» WHAT THIS TASK INVOLVES
Your answer must be the records below, given again exactly, with no pictures in it.

(THE DATA Opens)

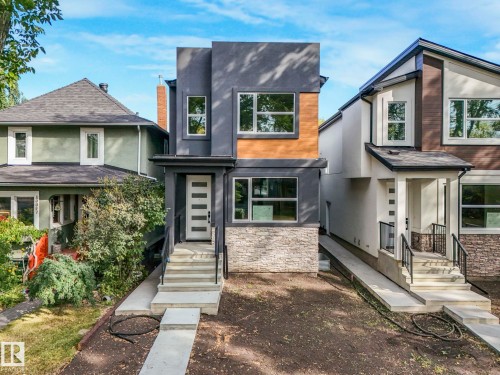 Contemporary house featuring stucco siding and stone siding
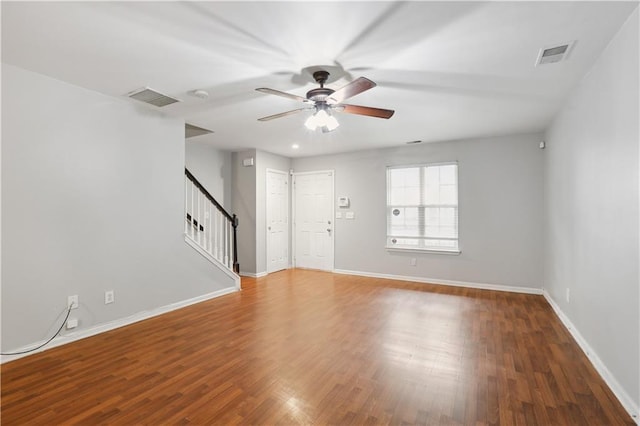 spare room featuring stairs, ceiling fan, wood finished floors, and baseboards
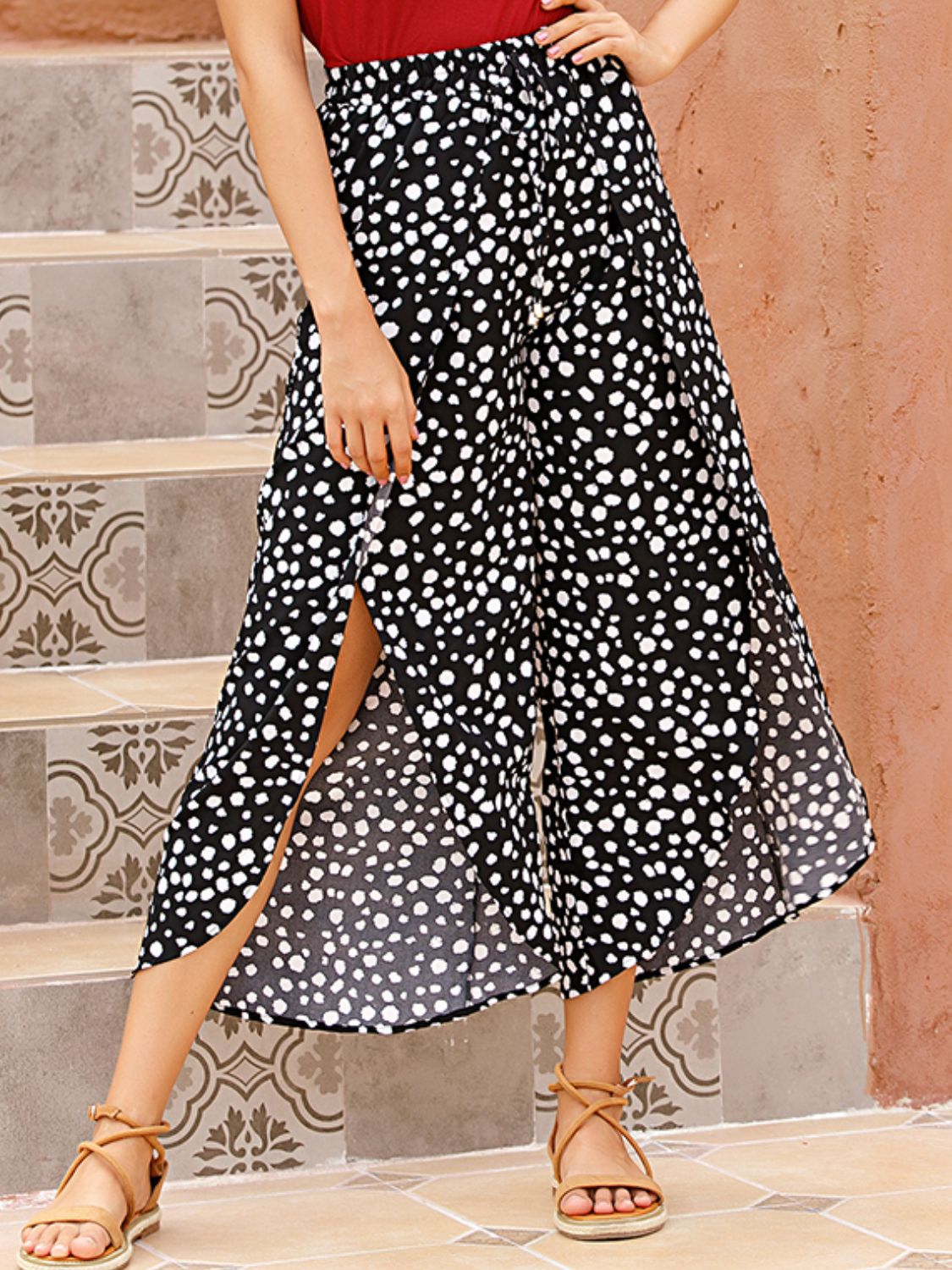 Slit polka dot wide leg pants, opaque.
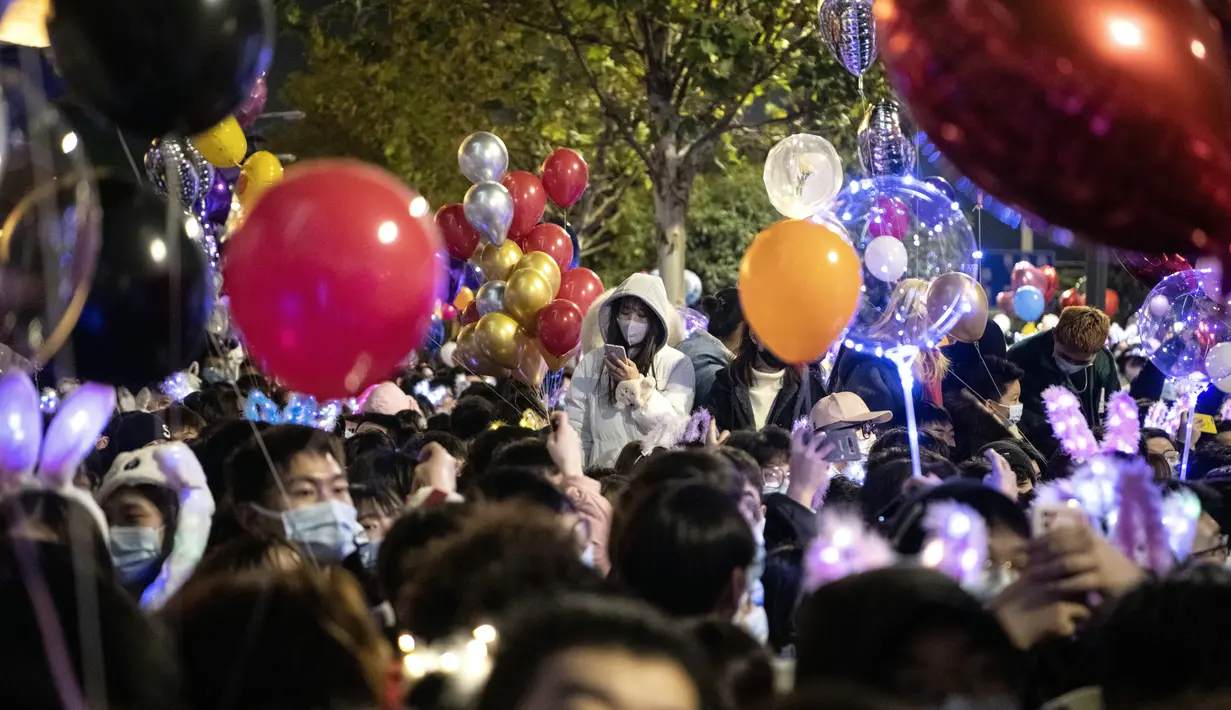 Orang-orang menghadiri  hitung mundur di Wuhan, provinsi Hubei, China (1/1/2021). Banyak yang membawa balon untuk dilepaskan ketika jam menunjukkan pukul 12 pagi. (AFP/Noel Celis)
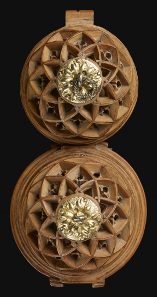 Rosary bead or prayer-nut; boxwood; carved. 1490-1530. Opening in two halves: St Hubert adoring the stag and enthronement of St Hubert. The Waddesdon Bequest. © The Trustees of the British Museum.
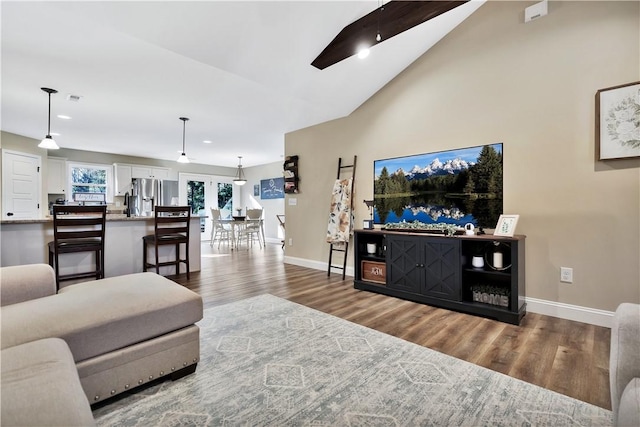 living room featuring lofted ceiling and hardwood / wood-style flooring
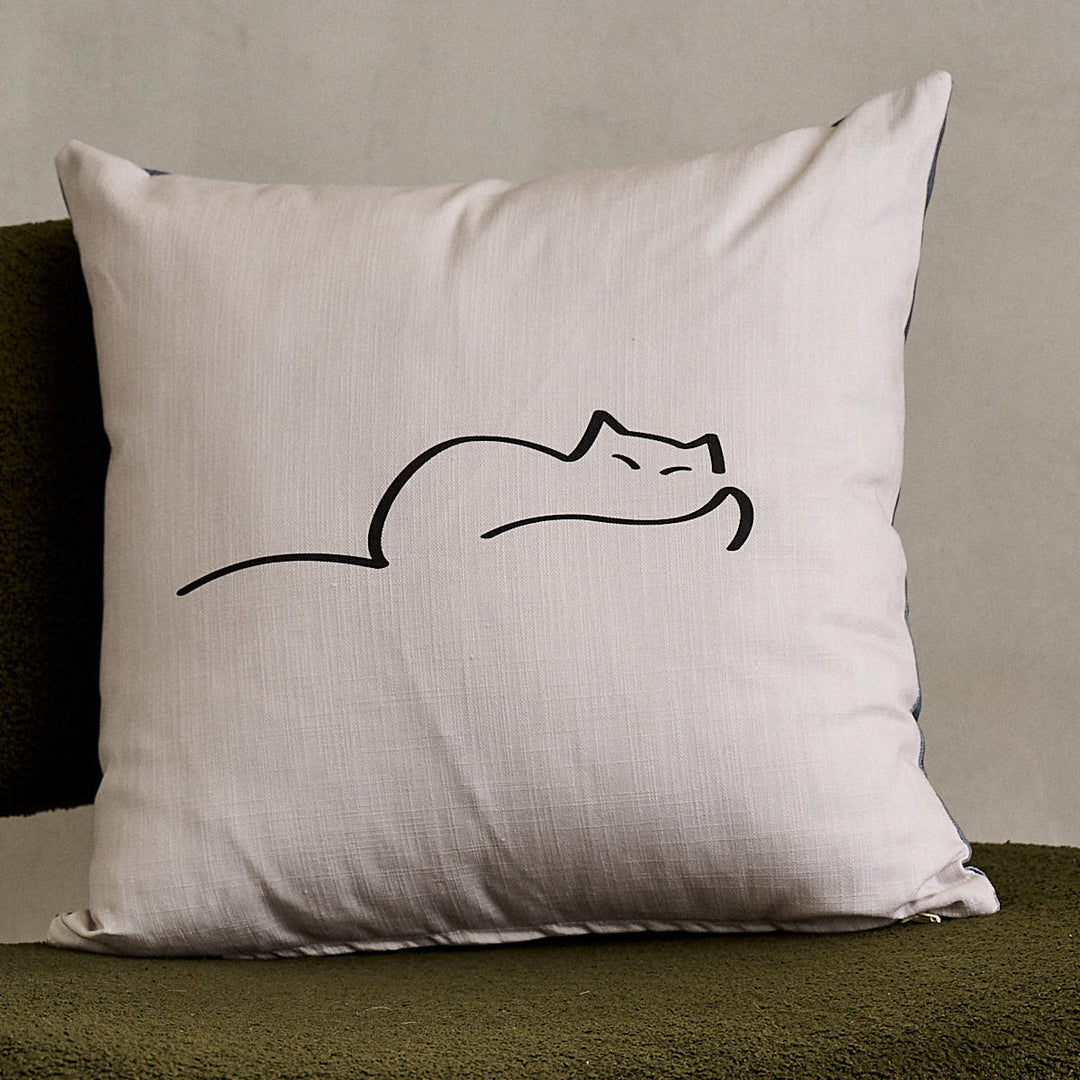 Dreaming Cat Cushion on green sofa chair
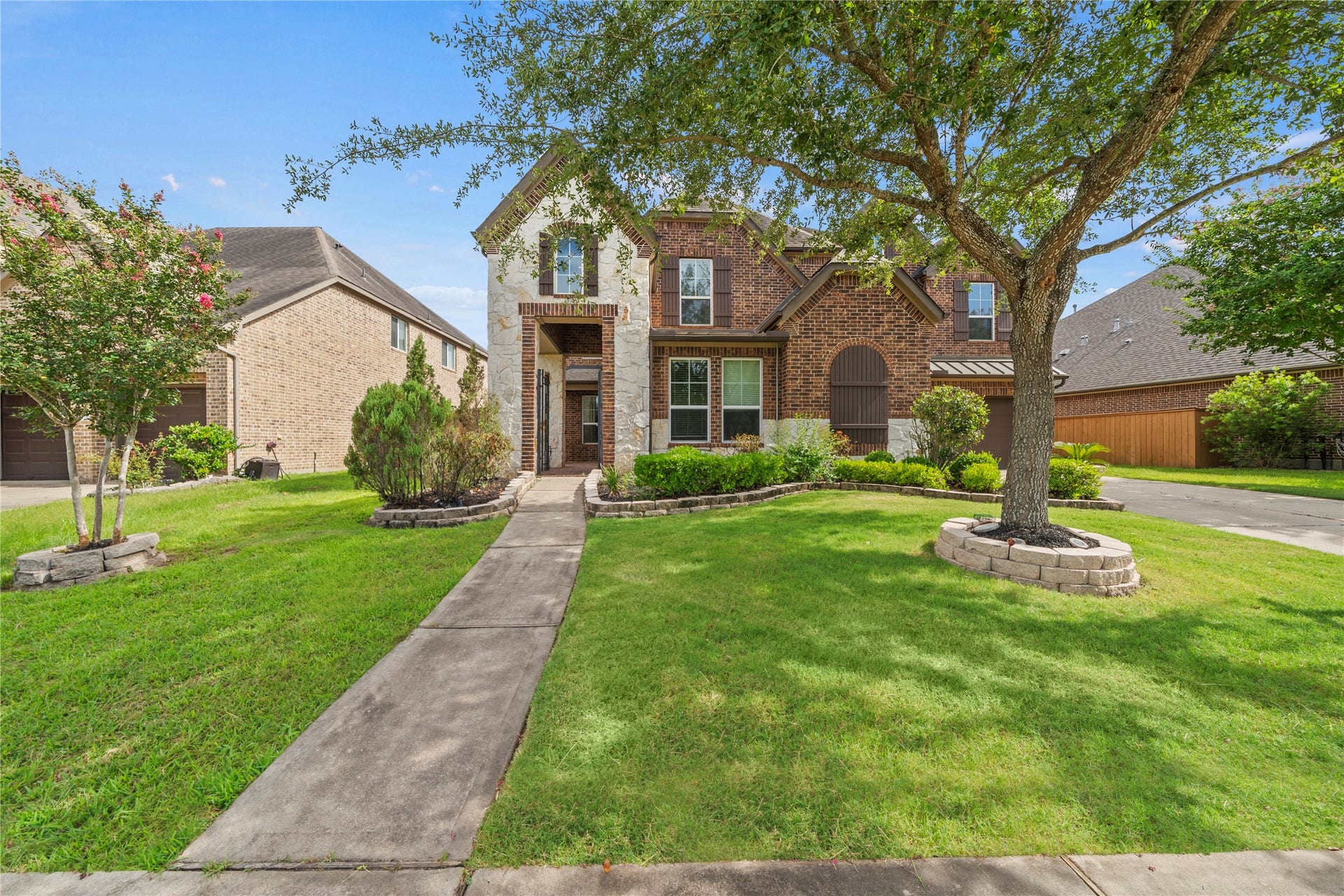 17315 Tomintoul Path, Richmond, TX 77407 A graceful front approach showcases the striking stone-and-brick exterior, lush lawn, and beautifully maintained grounds beneath the canopy of mature trees.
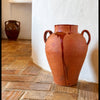 Early 20th century Spanish terracotta vase with XL scale, red clay body, ochre glaze drips, broad rounded form, and worn unglazed underside. The heavy pottery vessel is decorative rather than delicate, making it useful as a floor vase, statement pottery jar, Mediterranean decor accent, or rustic home decor focal point.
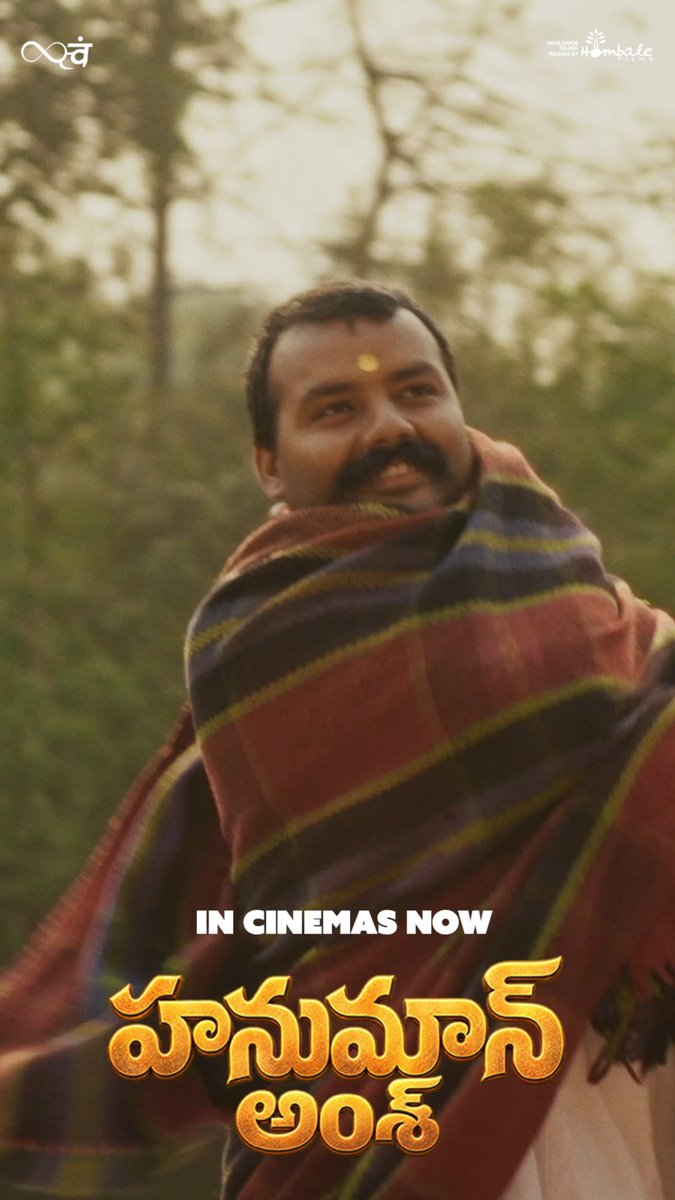 A man with a tilak on his forehead smiles warmly while wrapped in a striped shawl against a backdrop of trees, promoting the Telugu release of the film with text reading "IN CINEMAS NOW" and "హనుమాన్ అంశ" (Hanuman Ansh), aligning with the post celebrating the film's theatrical release across the Telugu states.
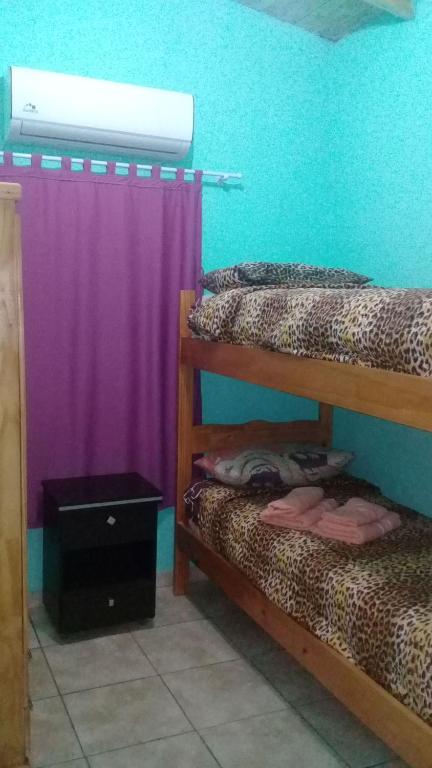 Una cama o camas cuchetas en una habitación  de Iguazu...mi lugar en el ?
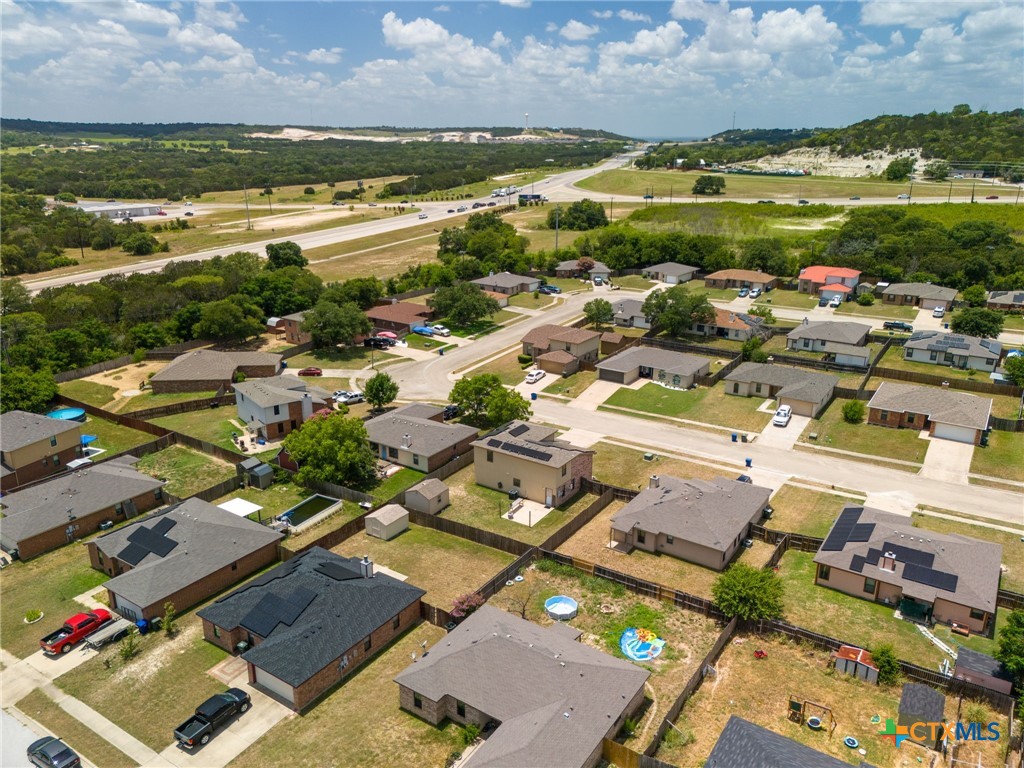 an aerial view of residential building with outdoor space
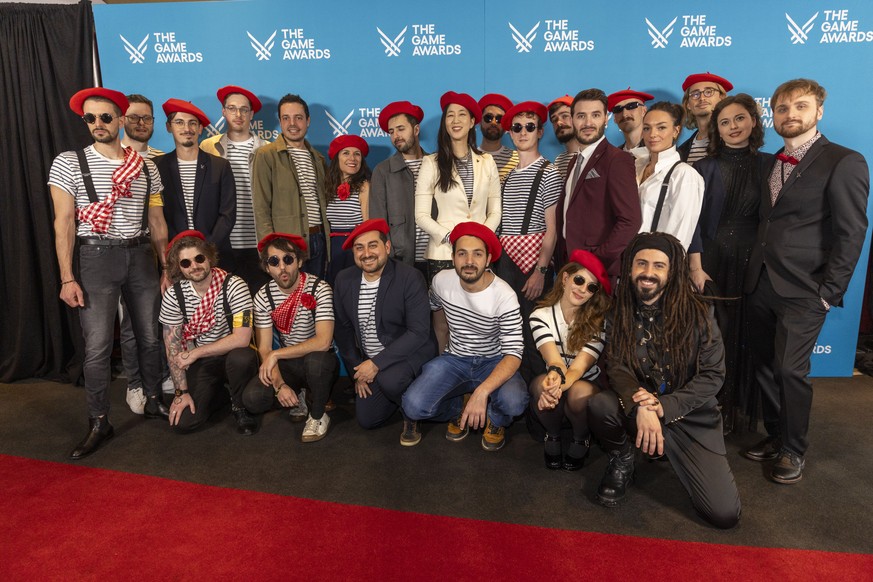 epa12586841 The Clair Obscure Expedition 33 team arrives to The Game Awards at the Peacock Theater in Los Angeles, California, USA, 11 December 2025. The Game Awards recognizes creative and technical  ...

(THE DATA Closes)

» SOLUTION FOR THIS PROBLEM
 Contemporary house featuring stucco siding and stone siding
 spare room featuring stairs, ceiling fan, wood finished floors, and baseboards
 Slit polka dot wide leg pants, opaque.
 Orang-orang menghadiri  hitung mundur di Wuhan, provinsi Hubei, China (1/1/2021). Banyak yang membawa balon untuk dilepaskan ketika jam menunjukkan pukul 12 pagi. (AFP/Noel Celis)
 Rosary bead or prayer-nut; boxwood; carved. 1490-1530. Opening in two halves: St Hubert adoring the stag and enthronement of St Hubert. The Waddesdon Bequest. © The Trustees of the British Museum.
 living room featuring lofted ceiling and hardwood / wood-style flooring
 Dreaming Cat Cushion on green sofa chair
 17315 Tomintoul Path, Richmond, TX 77407 A graceful front approach showcases the striking stone-and-brick exterior, lush lawn, and beautifully maintained grounds beneath the canopy of mature trees.
 Early 20th century Spanish terracotta vase with XL scale, red clay body, ochre glaze drips, broad rounded form, and worn unglazed underside. The heavy pottery vessel is decorative rather than delicate, making it useful as a floor vase, statement pottery jar, Mediterranean decor accent, or rustic home decor focal point.
 A man with a tilak on his forehead smiles warmly while wrapped in a striped shawl against a backdrop of trees, promoting the Telugu release of the film with text reading "IN CINEMAS NOW" and "హనుమాన్ అంశ" (Hanuman Ansh), aligning with the post celebrating the film's theatrical release across the Telugu states.
 Una cama o camas cuchetas en una habitación  de Iguazu...mi lugar en el ?
 an aerial view of residential building with outdoor space
 epa12586841 The Clair Obscure Expedition 33 team arrives to The Game Awards at the Peacock Theater in Los Angeles, California, USA, 11 December 2025. The Game Awards recognizes creative and technical  ...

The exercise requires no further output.